В Москве он снял квартиру, где поселился с Любой и детьми, и каждое утро ездил в пролетке или на пригородном поезде в недалекое Орехово-Зуево. Иногда оставался там ночевать в выделенном правлением домике. С Морозовым они периодически общались не только по работе, но и просто так, продолжая симпатизировать друг другу. Месяца через три после начала их сотрудничества Морозов говорил Горькому о новом сотруднике: «Хорош. Прежде всего – идеальный работник. Сам любит работу и других умеет заставить. И – умён. Во все стороны умён. Глазок хозяйский есть: сразу видит цену дела». Передавая этот отзыв, писатель добавлял: «Его влияние на Савву для меня несомненно, я видел, как Савва, подчиняясь обаянию личности Л. Б., растёт, становится всё бодрее, живей и всё более беззаботно рискует своим положением».

Впрочем, в их отношениях не всё было гладко, хотя бы потому, что Морозов видел в Красине прежде всего интересного человека и собеседника, а тот в нем – источник финансов для себя и партии. Последним были весьма недовольны мать фабриканта и его жена. Масла в огонь подливал и роман Морозова с Марией Андреевой, гражданской женой Горького, – одна компания, высокие отношения! Правда, летом 1904-го Савва Тимофеевич расстался с Андреевой и тогда же начал отходить от поддержки большевиков, переориентируясь на либеральные круги. Это не очень-то соответствует словам о риске, на который будто бы толкал Красин своего работодателя. Правда, обещанные 24 тысячи Морозов партии все еще выплачивал, но увеличить эту сумму вопреки красинским уговорам отказывался. Правда, надо учитывать, что в основном деньгами распоряжалась его властная мать Мария Федоровна, у которой Савва фактически получал зарплату.

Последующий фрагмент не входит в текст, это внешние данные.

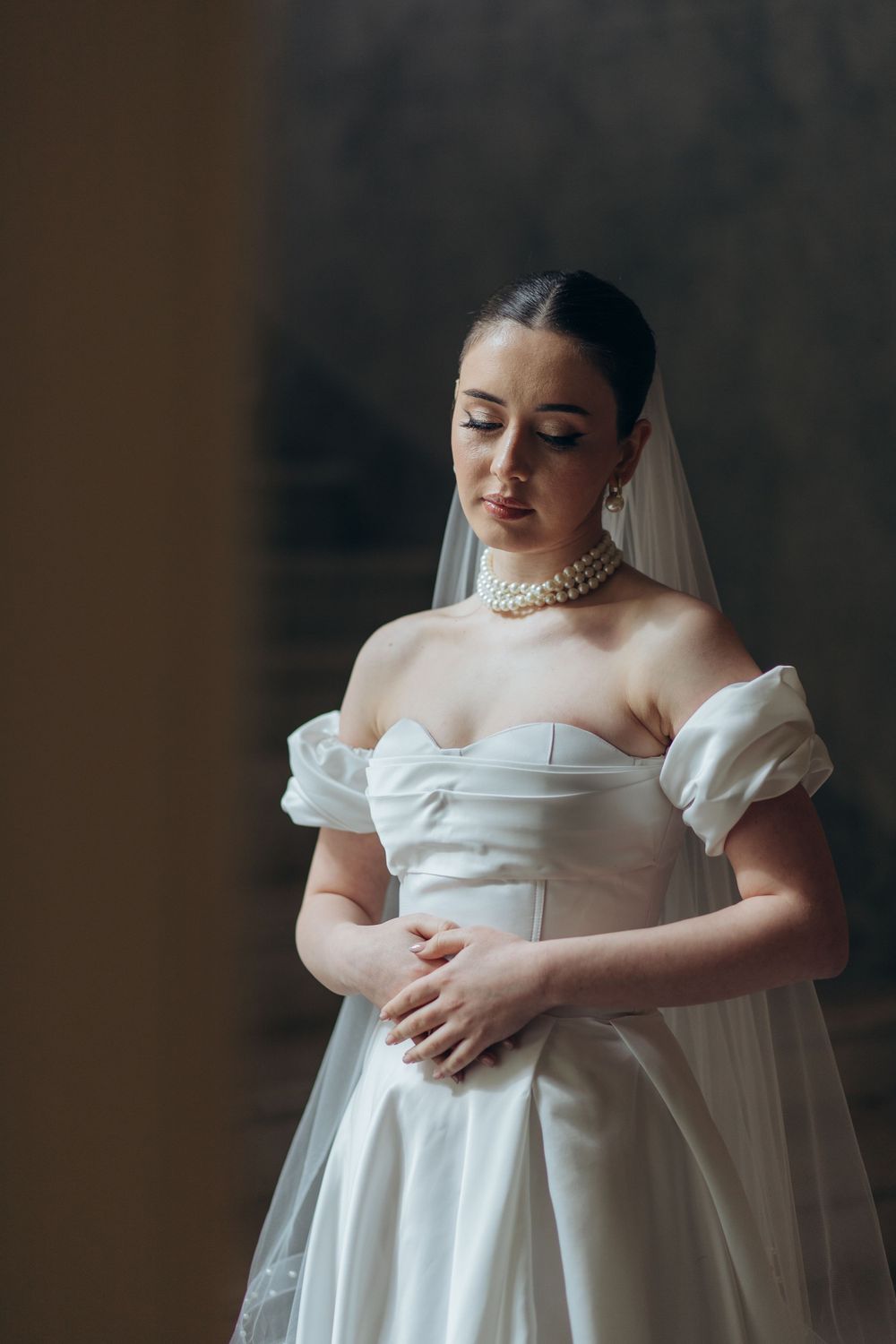 Elegant bride in off-shoulder gown with puff sleeves and pearl choker in window light.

Приехав в Орехово-Зуево, Красин ожидал внимания со стороны полиции, но она в общем-то осталась к нему равнодушной, притом что негласный надзор остался в силе, заставляя по-прежнему соблюдать правила конспирации. Зато за ним постоянно следили «шпики и агенты» правления предприятия, отчеты которых ложились на стол Марии Федоровны, боящейся (и не зря) «вредного влияния» инженера на ее сына. Первое столкновение с начальством у Красина произошло из-за положения, по которому никто из сотрудников не мог выезжать в Москву и другие города без разрешения правления. Он потребовал у Саввы изъять его из-под действия этого правила и получил такое разрешение – к неудовольствию других директоров.


Делегаты Третьего съезда РСДРП. Из альбома 1925 г.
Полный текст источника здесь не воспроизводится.